--- Activity ---
Leave the pictures out, and repeat exactly every line from the one with "Portrait of a" through the end of the data below.

┏━━

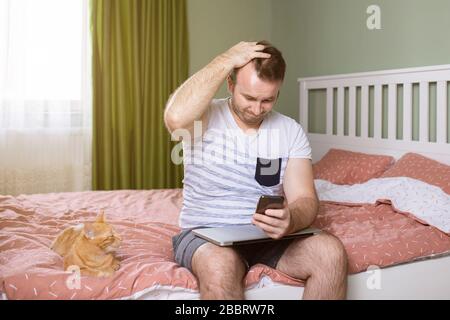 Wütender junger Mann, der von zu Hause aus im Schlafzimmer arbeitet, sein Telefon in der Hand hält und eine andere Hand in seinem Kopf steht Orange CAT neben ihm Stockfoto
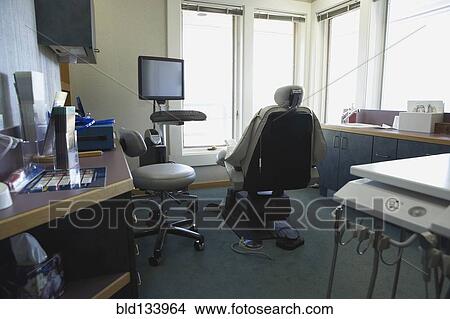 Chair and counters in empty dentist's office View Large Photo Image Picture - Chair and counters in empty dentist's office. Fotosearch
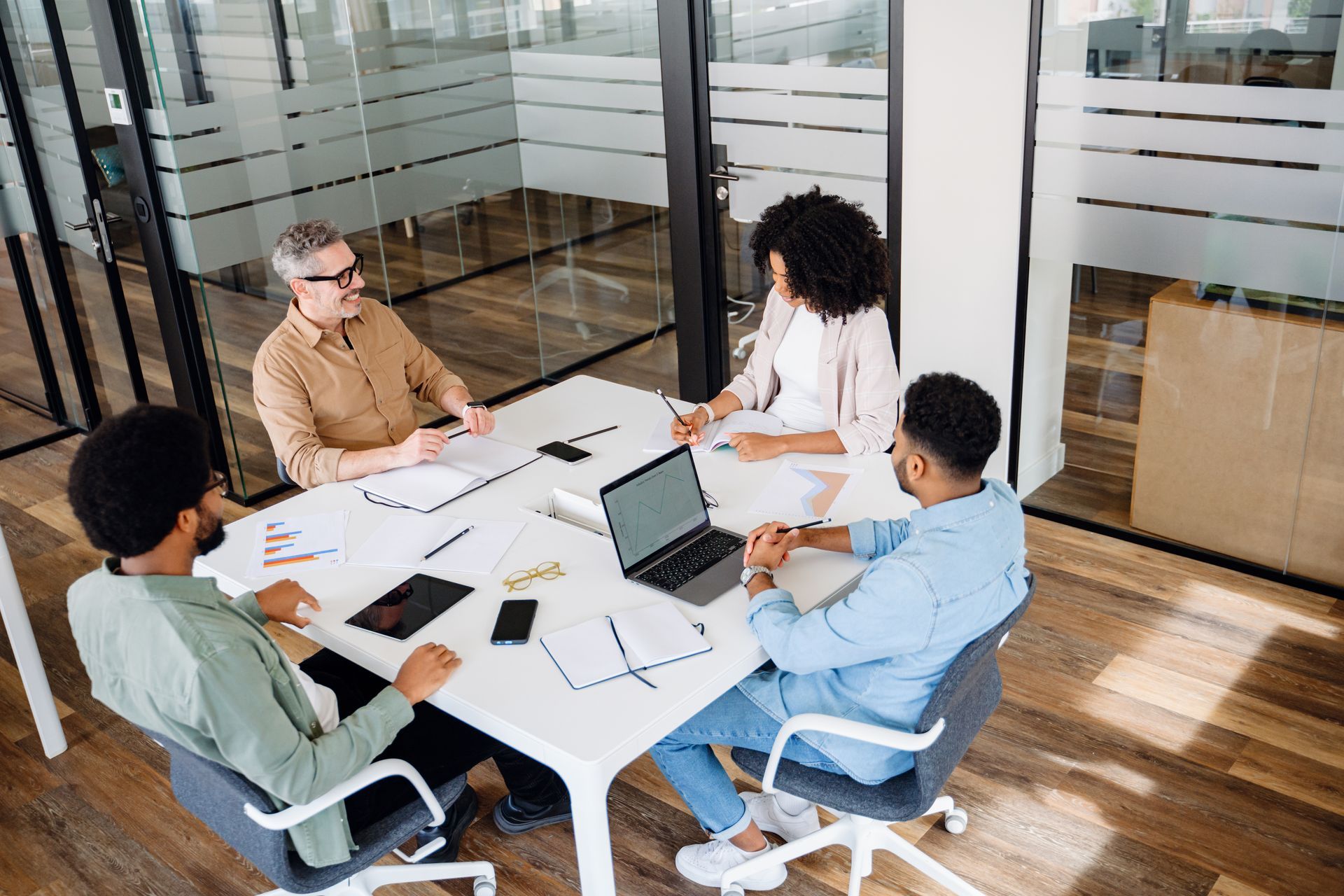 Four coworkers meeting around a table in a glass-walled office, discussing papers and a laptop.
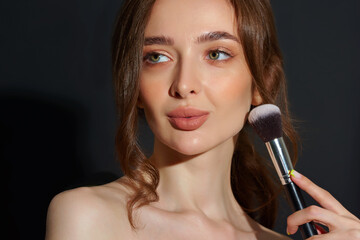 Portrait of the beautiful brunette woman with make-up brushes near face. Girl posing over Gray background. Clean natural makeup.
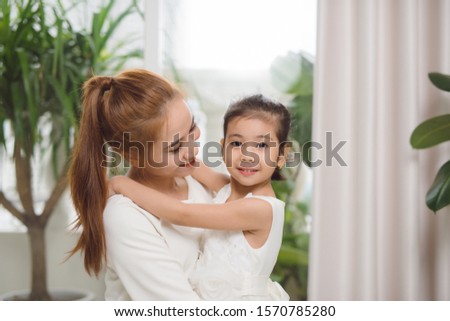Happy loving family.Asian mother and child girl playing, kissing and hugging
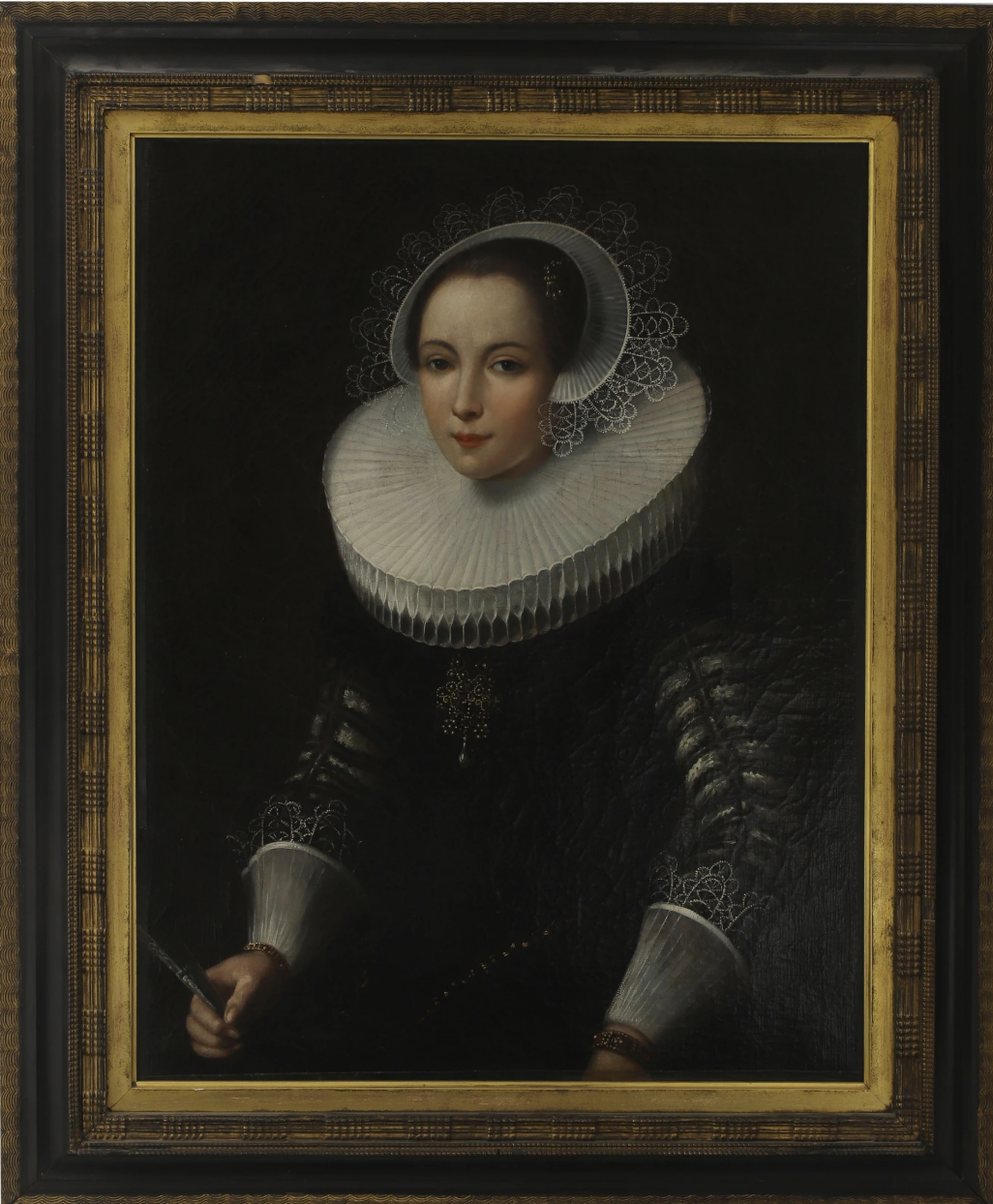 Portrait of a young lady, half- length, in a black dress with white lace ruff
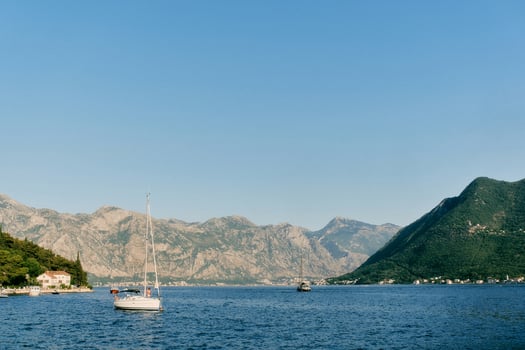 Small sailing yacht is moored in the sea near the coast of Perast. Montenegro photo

┗━━

--- Written solution ---
 Portrait of a young lady, half- length, in a black dress with white lace ruff
 Small sailing yacht is moored in the sea near the coast of Perast. Montenegro photo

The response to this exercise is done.